Monday, January 28, 2008

Missing the Boat
by: Schvach Yid

The Chumash, and in fact the entire Tanakh, is filled with violence, especially violence performed or commanded by HaShem. Anyone, rabbinical seminary professor, rabbi, student, or lay person, who has bothered to read the weekly parsha for the entire yearly cycle, knows this.

Judaism is not about peace, nor is it about violence. It’s about living in accordance with Gd’s commandments as given in Torah. As any good New Yorker will tell you, one has to ‘do what you gotta do’. In the case of Judaism, this means living in compliance with Gd’s given commandments. And no, it’s never about interpersonal abuse.

There is an enormous difference between living a life of Torah and mitzvot, and carving out a career as an academic in a nouveau theme-defined school that attempts to meld rabbinics and academics by abandoning tradition and advocating concocted social/political policies.
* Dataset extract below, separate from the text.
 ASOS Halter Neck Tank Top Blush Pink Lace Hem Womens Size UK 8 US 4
It appears that those in the Jewish community who have chosen to assign to themselves positions of religious leadership and the usurped authority of redefining Jewish life and values have spent their time missing the curb, always landing their misguided strides off target.
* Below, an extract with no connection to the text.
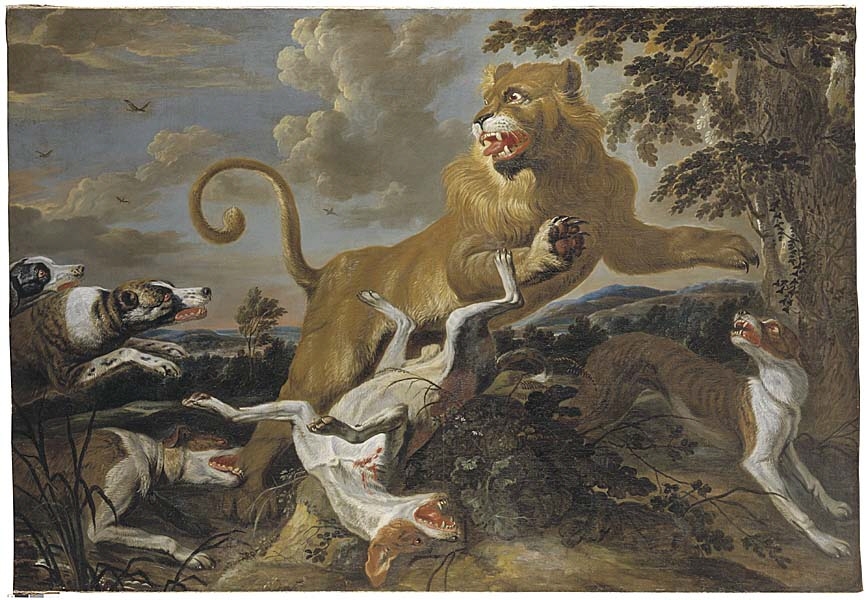 I målningens mittparti ett lejon, som reser sig på bakbenen. Det anfalles av tre hundar, varav en hugger i lejonets ena bakben, en fjärde hund har just kastats omkull och en femte står framför lejonet och vänder sig mot detta. Till höger i bakgrunden lövträd, till vänster öppet landskap med träddungar, höjder och blånande berg. Blå till skär molnig himmel.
As a result, after more than a century and a half of these poorly directed ambitions by the ‘sub-Orthodox’ movements of Judaism, we of the Jewish community are in the sad state of having to describe ourselves as ‘Jewish communities’, with nary any agreement between Orthodox Jews and ‘all other’ Jews, not to mention the often times overt animus expressed by followers of one strain of Judaism toward the others.

As substitutes for Jewish Orthodoxy that have attempted to retain Jews who are insistent on the pursuit of non-Jewish lives, and who in fact have little use for Judaism, these organizational proxies for Orthodox Judaism have largely failed.
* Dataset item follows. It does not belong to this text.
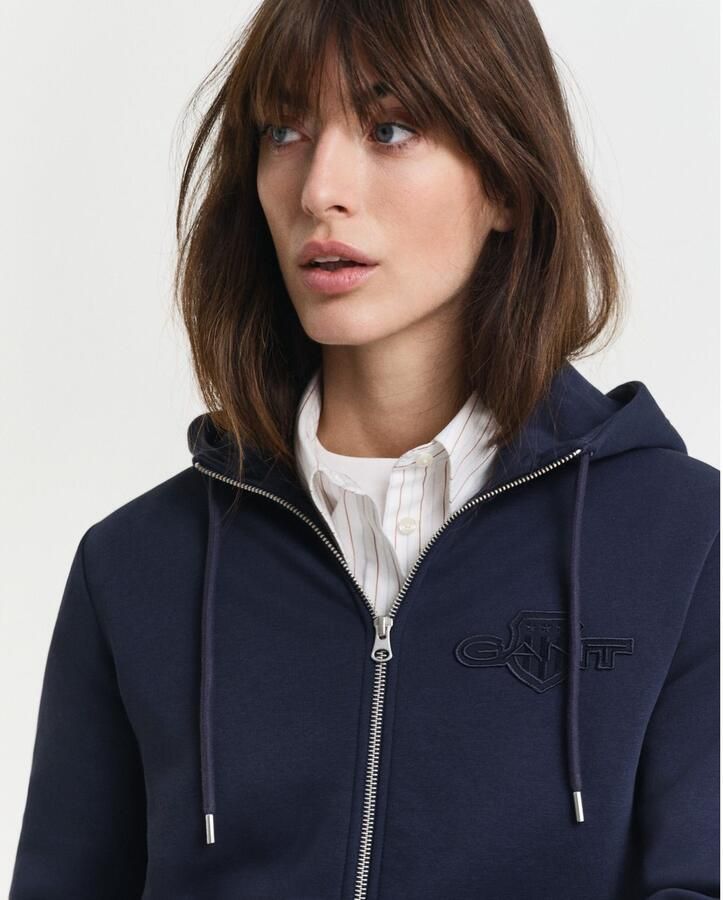 Gant Capuchonsweatvest REG TONAL SHIELD ZIP HOODIE Merkborduurwerk capuchon ribboorden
I think politics has a poor place in Judaism. Regrettably, politics is forced on Jews as a national entity, but as religious life it just doesn’t belong. To invent a Jewish organization that purports to constitute a ‘movement’ of Judaism, thus recruiting organizational fealty from Jews and redefining Jewish identity for its adherents, and that replaces the traditional teachings and emunah of Judaism with politics and social activism on behalf of ‘greater causes’, has been self destructive.

The Jew who is sufficiently distracted in his life as a Jew with world over population and his own ‘carbon footprint’ to the elimination of a life of Torah hasn’t redefined Jewish values at all. This individual has simply left (get it?) Judaism.

I once heard a Conservative Movement rabbi declare in his sermon, ‘Judaism is the pursuit of the good life’. Lousy salesman.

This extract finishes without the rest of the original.